1. Project Overview

Portfolio of Evidence

Mall Customer Segmentation

Code Review, Bug Fixes & Technical Showcase

Author	Portia
Date	February 2026
Language	Python 3.12 (Jupyter Notebook)
Libraries	Pandas, NumPy, Seaborn, Matplotlib, Scikit-Learn
Dataset	Mall_Customers.csv (n = 200 customers)
Algorithm	K-Means Clustering (k = 5)

1. Project Overview

This document serves as a Portfolio of Evidence for the Mall Customer Segmentation project. It demonstrates the full data science workflow - from raw data loading and exploratory analysis through to machine learning clustering - and showcases all code written, bugs identified and fixed, and outputs produced.

The original notebook contained three critical errors that would have caused it to fail or produce misleading results. This report documents each error, explains why it was wrong, and presents the corrected code. All charts were regenerated with improved styling and annotations.

2. Bug Fixes Summary

The original notebook contained the following three bugs. Each is documented in detail in Section 4.

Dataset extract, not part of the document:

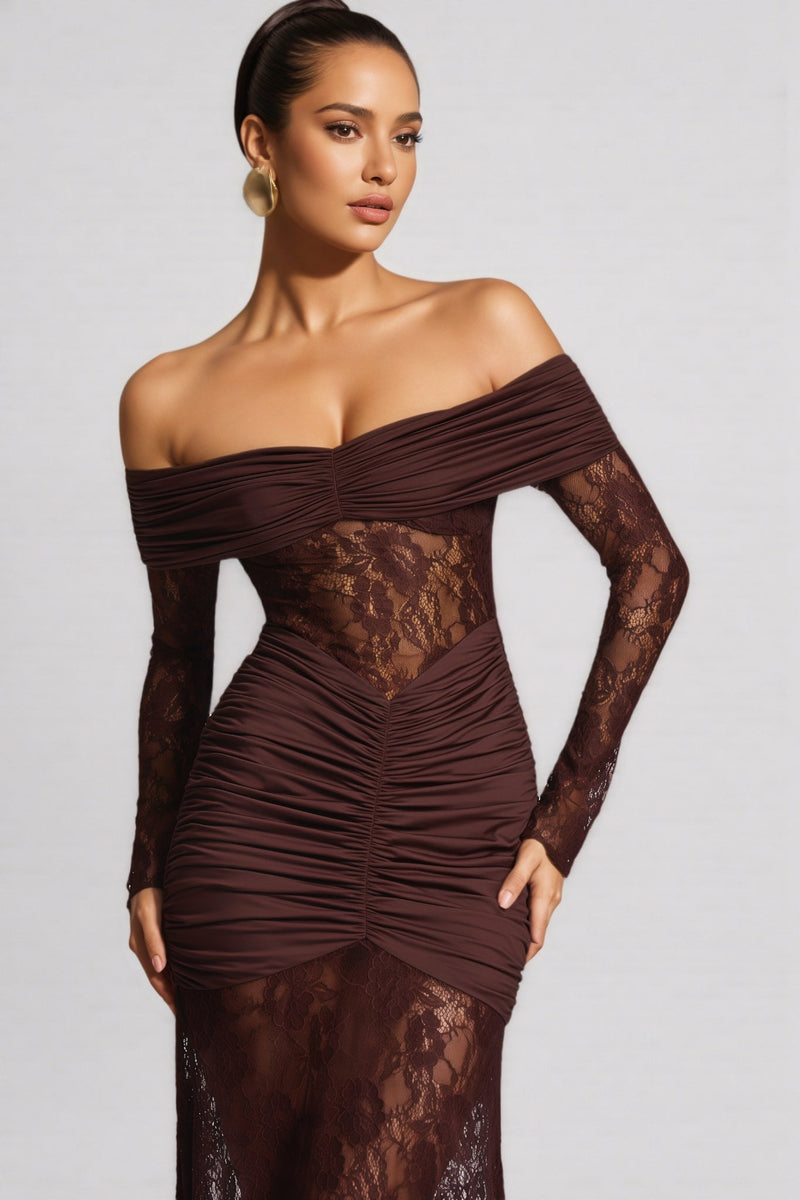 Velally Brown Lace Cut-out Fishtail Maxi Dress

#	Location	Bug Description	Fix Applied
1	EDA - Gender KDE plot	Used "Gender" - column is actually named "Genre"	Changed all "Gender" references to "Genre"
2	Elbow Method cell	Fitted elbow on np.random.rand() dummy data - not actual mall features	Replaced with actual df[["Annual Income","Spending Score"]] features
3	KMeans initialisation	Typo: "n_custers=5" (missing "l") causes AttributeError crash	Corrected to "n_clusters=5", added random_state=42 for reproducibility

3. Code Showcase - Jupyter Notebook

The following screenshots show each section of the fixed and improved notebook, rendered in a dark-theme code style. Each cell includes syntax highlighting and explanatory comments.

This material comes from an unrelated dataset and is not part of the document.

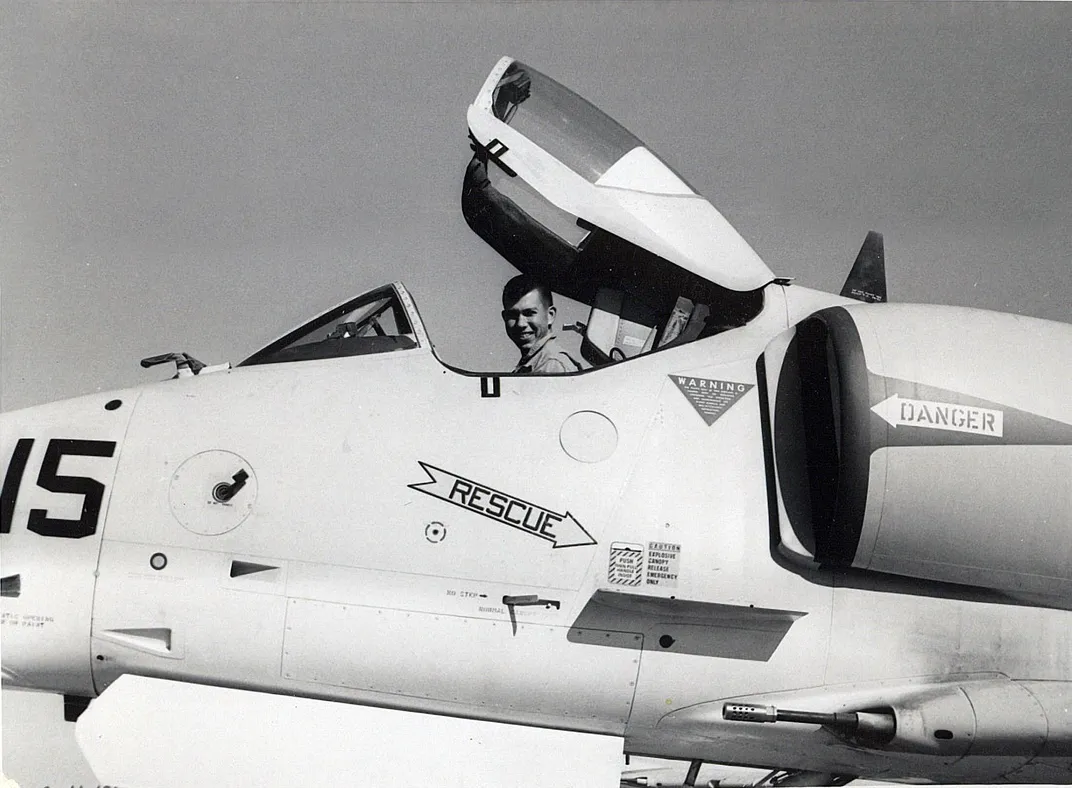 Lieutenant Prouse in his Douglas A-4B Skyhawk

3.1 Imports & Data Loading

The notebook begins by importing all required libraries and loading the dataset. A global plot style is applied at this stage to ensure consistency across all visualisations throughout the analysis.

Code Block 1: Library imports, global plot settings, and CSV data loading.

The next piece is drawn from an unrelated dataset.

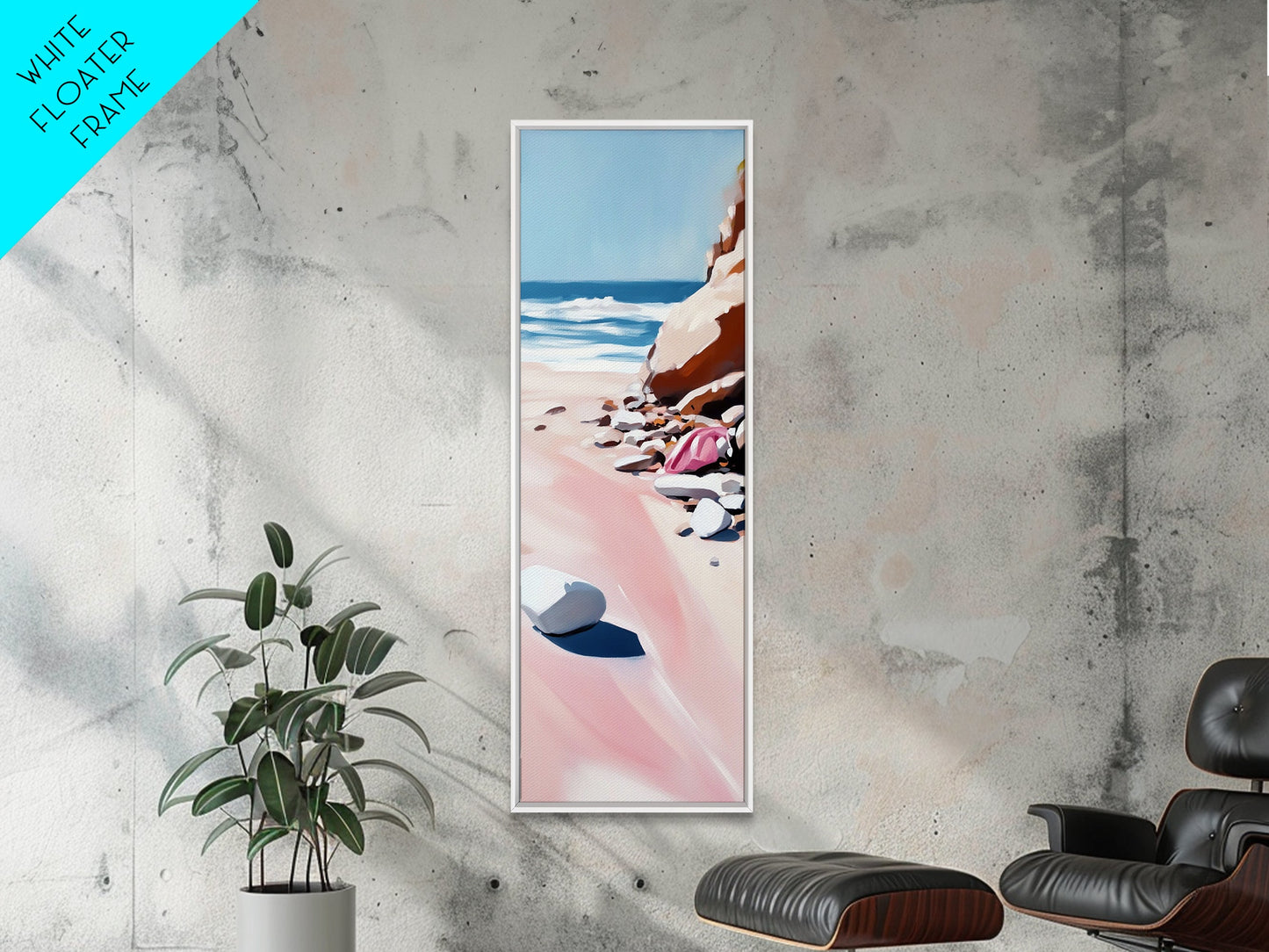 Sandy Beach, Coastal Escape, Ocean Bliss, Canvas Print, Beach House Decor, Minimalist Painting, Living Room Wall Art, Gift, Blue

3.2 Bug Fixes - Documented in Code

The three original bugs are shown side-by-side with their corrections. Red-highlighted lines show the broken original code; green lines show the fix applied. This side-by-side documentation approach is best practice in collaborative data science work.

Code Block 2: All three bug fixes documented with before/after comparison.

3.3 Univariate Distribution Plots

A for-loop iterates over the three numeric columns (Age, Annual Income, Spending Score) to produce distribution histograms with KDE overlays and mean reference lines. This replaces the original approach of saving all plots to the same filename (overwriting each other).

Code Block 3: Univariate distribution loop with improved multi-panel figure layout.

3.4 Correlation Heatmap

A correlation matrix is computed across the three numeric features and visualised as an annotated heatmap. The coolwarm diverging palette makes positive and negative correlations visually distinct. Key finding: income and spending are nearly uncorrelated (r ≈ 0.01), which confirms that using both as clustering features is meaningful.

Code Block 4: Correlation heatmap with annotations and diverging colour palette.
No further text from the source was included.